● Work instructions
Reproduce the listing below character for character; drop every image.
Segment Start: Information shown
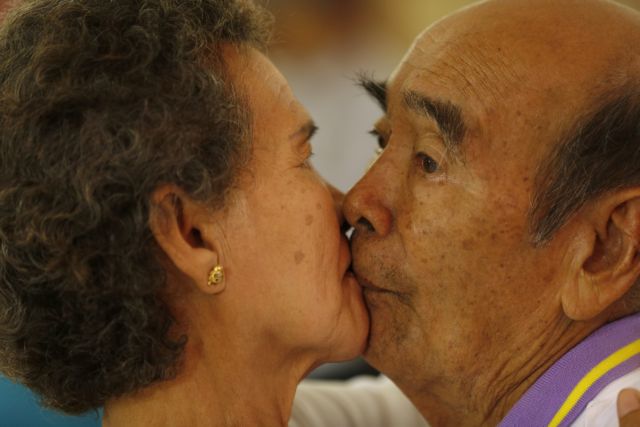 Ζεύγος 70χρονων φαβορί για το μεγαλύτερο σε διάρκεια φιλί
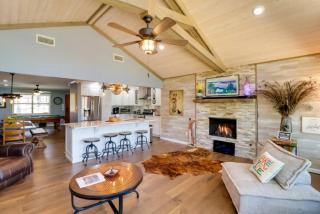 Lakeside Retreat on 10 Secluded Acres - Fairfield Bay - 7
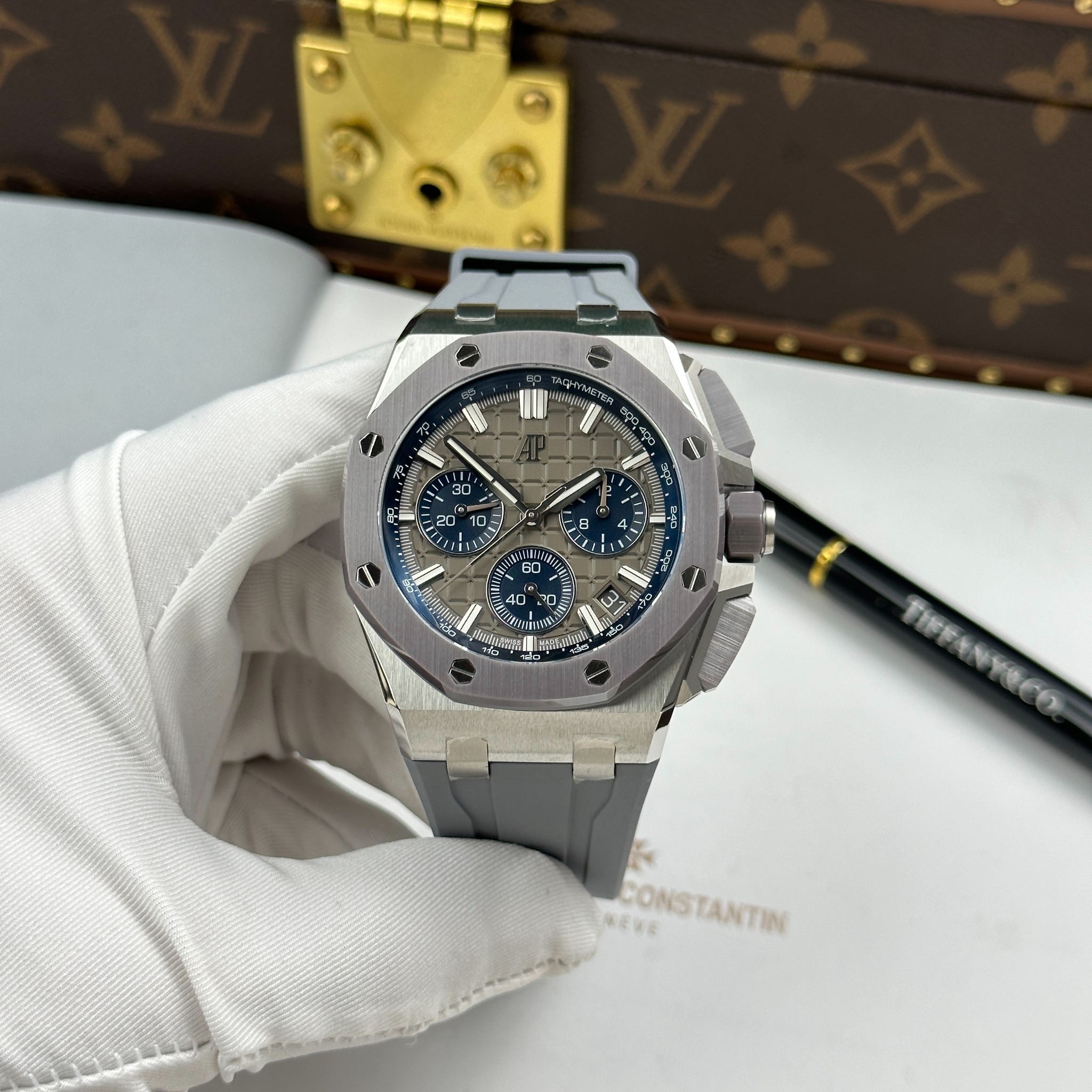 AUDEMARS PIGUET ROYAL OAK 43 MM - Đồng Hồ Audemars Piguet - Nam - DHNTT1913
Segment End: Information shown
● Task output
 Ζεύγος 70χρονων φαβορί για το μεγαλύτερο σε διάρκεια φιλί
 Lakeside Retreat on 10 Secluded Acres - Fairfield Bay - 7
 AUDEMARS PIGUET ROYAL OAK 43 MM - Đồng Hồ Audemars Piguet - Nam - DHNTT1913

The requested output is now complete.